Tuesday, June 7, 2011
In contempt of court
A man is helping police with their enquiries.
The Contempt of Court Act 1981 was designed to ensure before and during a trial, the press did not influence a jury or interfere with the proceedings.
Over the years the press have ignored this at their peril and faced hefty fines and some court cases have been re-run.
Judges who have issued injunctions use this Act to stop people spilling the beans. If Imogen Thomas told anyone CTB was Ryan Giggs she would be in contempt of court and would go to prison as well as be fined.
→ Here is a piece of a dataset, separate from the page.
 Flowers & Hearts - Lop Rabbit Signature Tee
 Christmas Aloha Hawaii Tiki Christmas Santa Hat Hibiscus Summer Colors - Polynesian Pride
And this is why she is gagged.
The Act was not intended to cover injunctions and hence we have this ludicrous situation where Judges and the Attorney General are holding thousands of Tweeters, bloggers, commentators and pub gossipers in contempt of court for even mentioning certain injunctions.
Contempt of Court 1981 Act: A summary
Contempt of court is where their is interference with the course of justice in particular legal proceedings regardless of intent to do so.
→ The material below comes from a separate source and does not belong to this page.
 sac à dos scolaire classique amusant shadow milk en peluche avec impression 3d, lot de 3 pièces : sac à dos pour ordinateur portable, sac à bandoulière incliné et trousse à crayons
Interference can come from publication (speech, writing, cable programme service or other communication in whatever form), which is addressed to the public at large or any section of the public.
Here is how a Tweeter would defend themselves:
There is a defence of innocent publication or distribution as stated in the Act.
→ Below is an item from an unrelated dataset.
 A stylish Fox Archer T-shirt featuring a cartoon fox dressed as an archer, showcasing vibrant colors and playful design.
A person is not guilty of contempt of court under the strict liability rule as the publisher of any matter to which that rule applies if at the time of publication (having taken all reasonable care) he does not know and has no reason to suspect that relevant proceedings are active.
A person is not guilty of contempt of court under the strict liability rule as the distributor of a publication containing any such matter if at the time of distribution (having taken all reasonable care) he does not know that it contains such matter and has no reason to suspect that it is likely to do so.
Subject to this section a person is not guilty of contempt of court under the strict liability rule in respect of a fair and accurate report of legal proceedings held in public, published contemporaneously and in good faith.
Discussion of public affairs: A publication made as or as part of a discussion in good faith of public affairs or other matters of general public interest is not to be treated as a contempt of court under the strict liability rule if the risk of impediment or prejudice to particular legal proceedings is merely incidental to the discussion.
So there you go.
The chance of a Tweeter being in contempt of court is minimal.
Which is a good thing because there are more serious crimes and legal matters that need sorting out.